Toggle whitening: the tilted, squashed cloud becomes a clean circular blob, and the off-diagonal covariance entries snap to zero.
Barlow Twins: cross-correlation → identity
Barlow Twins gets whitening's effect without the inversion. It builds the cross-correlation matrix between the embeddings of two augmented views and pushes it toward the identity: diagonal → 1 (matching dimensions agree across views) and off-diagonal → 0 (different dimensions don't copy each other).
Hit train and watch the matrix light up along the diagonal and darken everywhere else.
VICReg: three jobs, three terms
VICReg makes the anti-collapse logic explicit by splitting it into three losses: variance (keep every dimension alive), invariance (pull matching views together), and covariance (stop dimensions carrying the same info).

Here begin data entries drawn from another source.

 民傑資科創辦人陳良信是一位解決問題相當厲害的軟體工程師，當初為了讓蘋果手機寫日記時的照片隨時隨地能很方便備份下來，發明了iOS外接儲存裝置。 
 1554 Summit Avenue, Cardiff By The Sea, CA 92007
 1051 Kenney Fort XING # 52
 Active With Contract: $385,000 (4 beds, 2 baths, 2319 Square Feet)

Set each weight to zero in turn: kill variance and the cloud collapses; kill covariance and the dimensions become redundant; kill invariance and the two views drift apart.

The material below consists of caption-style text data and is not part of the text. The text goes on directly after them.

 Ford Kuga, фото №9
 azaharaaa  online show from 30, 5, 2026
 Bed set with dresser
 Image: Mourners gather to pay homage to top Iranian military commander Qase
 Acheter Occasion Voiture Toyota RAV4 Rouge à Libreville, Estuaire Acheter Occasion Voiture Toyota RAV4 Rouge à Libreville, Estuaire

SIGReg: regularise the whole distribution
Why juggle three terms? Instead of controlling only mean and covariance, regularise the entire embedding distribution toward one simple target: an isotropic Gaussian — a balanced bell-shaped cloud, equally spread in every direction.
Checking Gaussianity in high dimensions is expensive, so SIGReg sketches it: look at many random 1-D projections. If enough random slices look standard-Gaussian, the whole distribution is pulled into shape. Train and watch the histogram hug the bell curve.
LeJEPA: two losses, one world model
Put the pieces together. JEPA says what to predict — future or missing embeddings, never pixels. SIGReg says how not to collapse — keep the latent space well-distributed. Combine them and you train a world model end-to-end with just two loss terms.
Applied to control, LeJEPA world models are tiny — around 15M parameters, trainable on a single GPU in hours, and they plan dramatically faster than huge foundation-model world models while staying competitive. Early days, but a very promising direction.